_DATA TO EXAMINE_:
· · ·

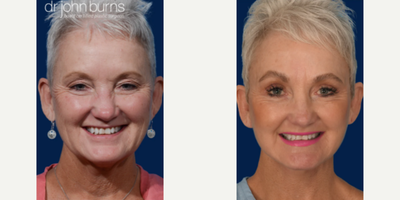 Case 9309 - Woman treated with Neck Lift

· · ·

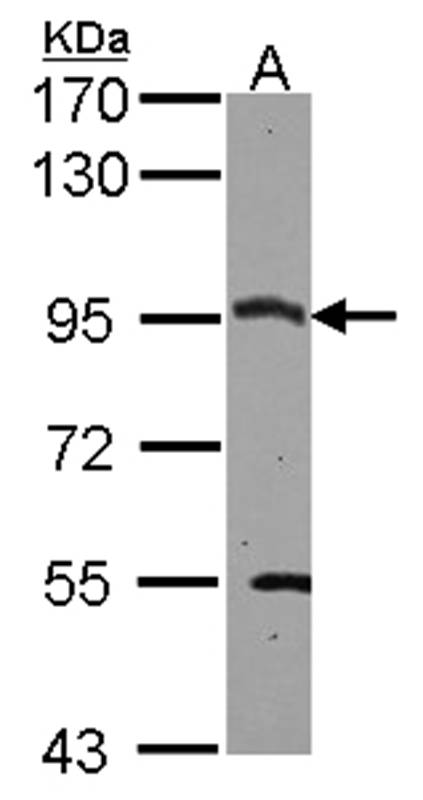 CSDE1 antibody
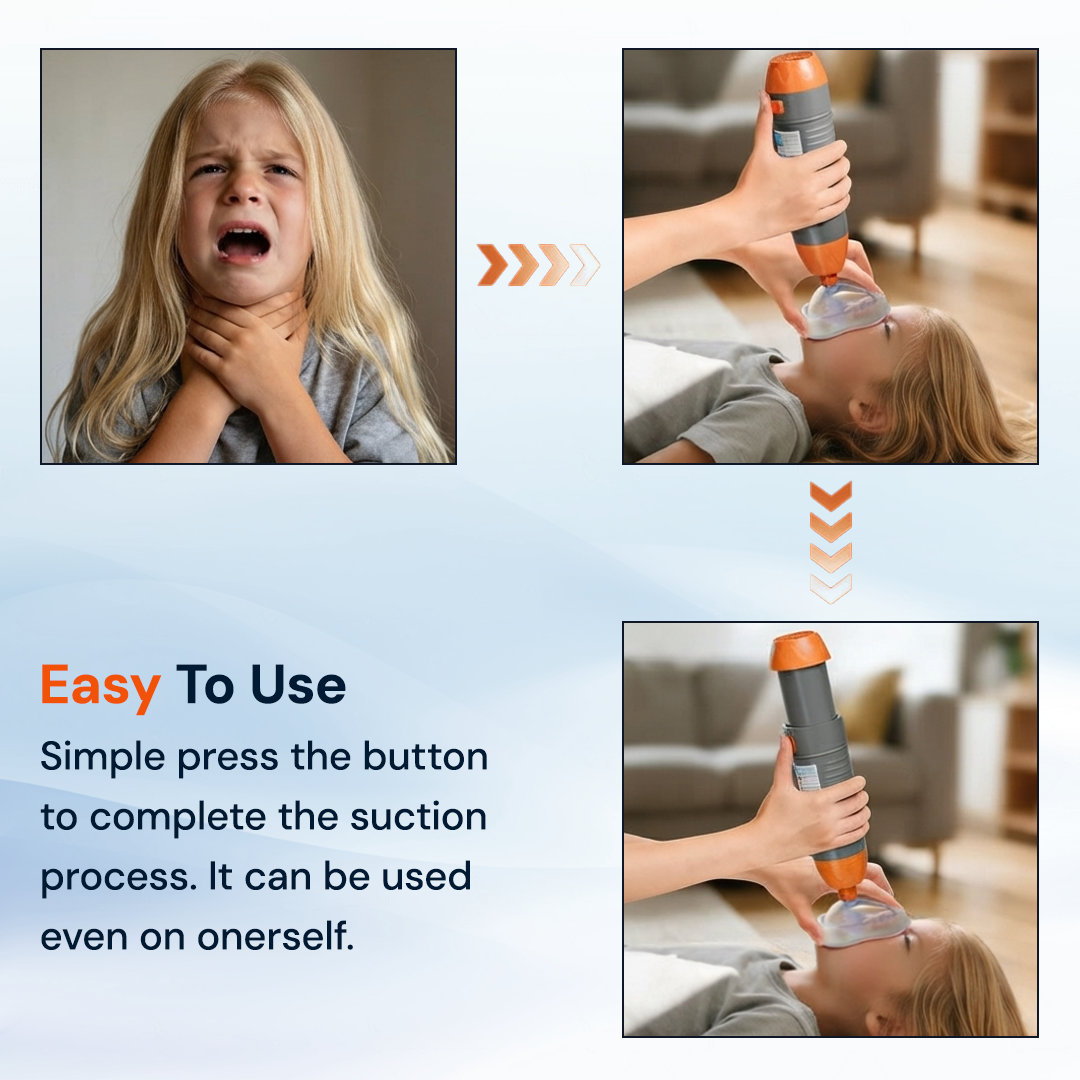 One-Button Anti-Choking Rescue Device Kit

· · ·

_YOUR ASSIGNMENT_: The reply should hold the entries above from the line with "CSDE1 antibody" to the line with "One-Button Anti-Choking Rescue Device Kit", duplicated exactly, pictures excluded.

_EXERCISE ANSWER_:
 CSDE1 antibody
 One-Button Anti-Choking Rescue Device Kit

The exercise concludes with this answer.